I'm so utterly embarrassed :(
Nothing of the sort has *ever* happened to me there.
Among the many things I drink to forget (an incident at the Canadian border, a woman I met at a piano bar, Crystal Pepsi) is the fact that I helped open a restaurant.
The place was filthy before the current owners took it on. Filthy. I have photographic evidence that I refuse to share because I don't want it to reflect on my former employers, who took great pains to make the place sparkle.
The salamander alone could have fomented cyanide-based life, and one of the nastiest jobs I've ever done was scrubbing the walk-in cooler from ceiling to floor.
As appalling as those were, though, they paled next to the disgust I felt at the thought that Jen and I had eaten, several times, at the previous establishment.
Trid ~ no worries.
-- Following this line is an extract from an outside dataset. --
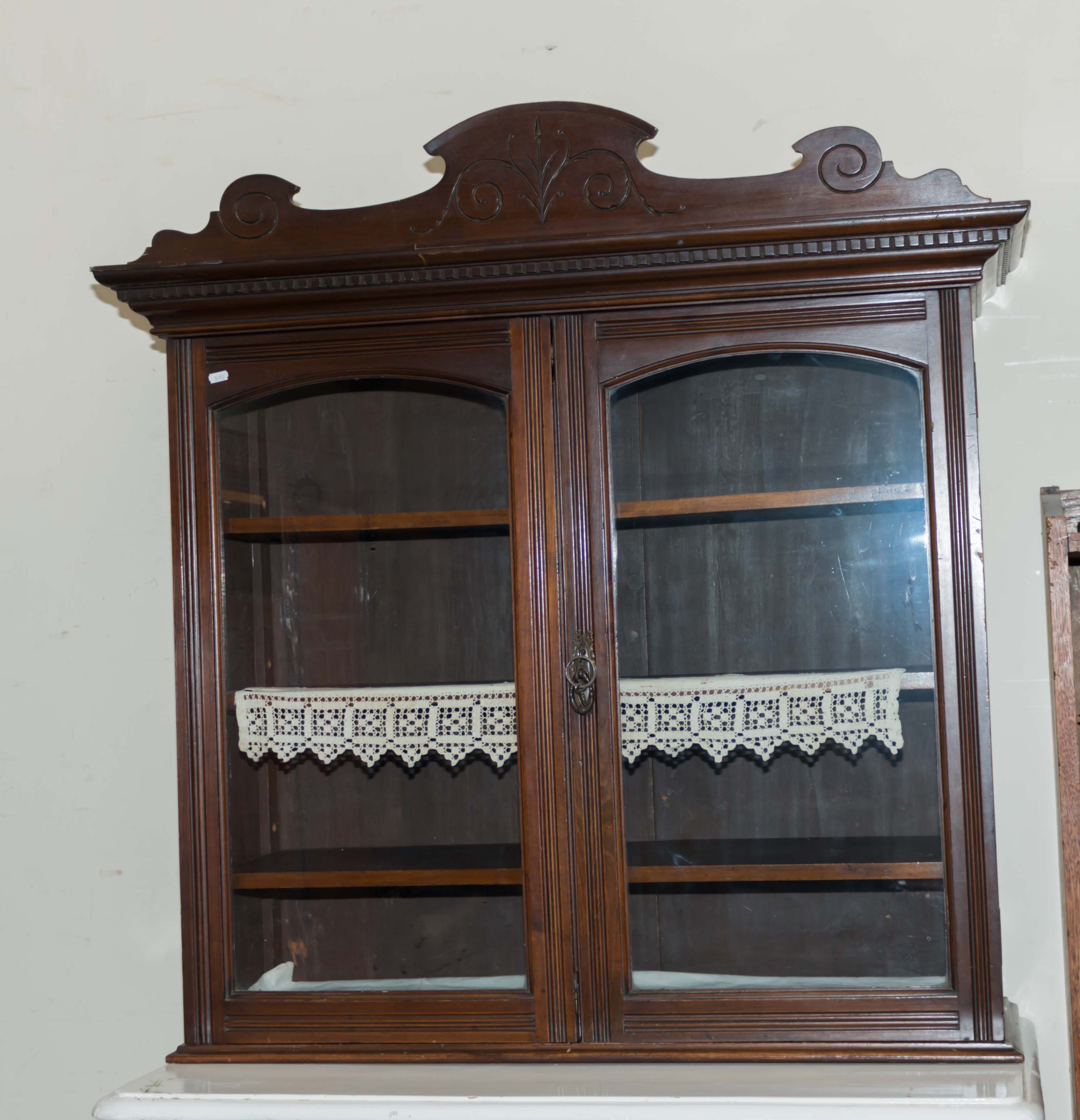 A late Victorian bookcase top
After all, it's not your kitchen. There were a series of mistakes that led to that that tells me the kitchen there is probably one I don't want to visit.
Micheal ~ I was once given the keys to a failed restaurant. The owner told me to take whatever I wanted (except for the new stoves that hadn't even been unwrapped or installed). The bartenders had stripped the bar bare, even taking fixtures. The cooks had been less thorough. I scored a Kitchenaid mixer that I cleaned and gave to a friend, stainless mixing bowls, some Lexan containers — all good things. The real horror was the basement walk-in. With no electricity for weeks, all the seafood, chicken, and meats had gone very, very bad. It was a smell that seared the very back of my throat...
When I was reading this post I could stop thinking about some nasty establishments I visited while living in Paris.
I even worked at some for one or two days when money was really tight.
Millions of roaches everywhere, feasting on the soda gun’s pump room, rat that would scare away any cat (or human) running around the kitchen and all sorts of things.
Of course I also visited some spotless kitchens there too, but the images of the filthy one still haunt me today.
Hey Tony ~
I'm off to breakfast, but the image of millions of roaches feasting on the soda gun will haunt me.
I've been in a lot of commercial kitchens as well and it's the clean ones that stand out. It seems to me that — in my experience — the cleanest kitchens have been run either by Germans or ex-military chefs.
It's perhaps the reason I think to myself when everything is put away in my own kitchen "Alles ist in Ordnung."
I'm just back from 5 weeks in Vietnam, so as for nasty + food: in the northern back of beyond, a basketful of writhing date palm larvae, intended as a source of protein. Also a small skinned fox on the kitchen counter, who seemed to have met his end in a rather vicious way, judging by the fixed snarl. Offered as a possibility for lunch.
I declined. Took the proffered corn moonshine, though.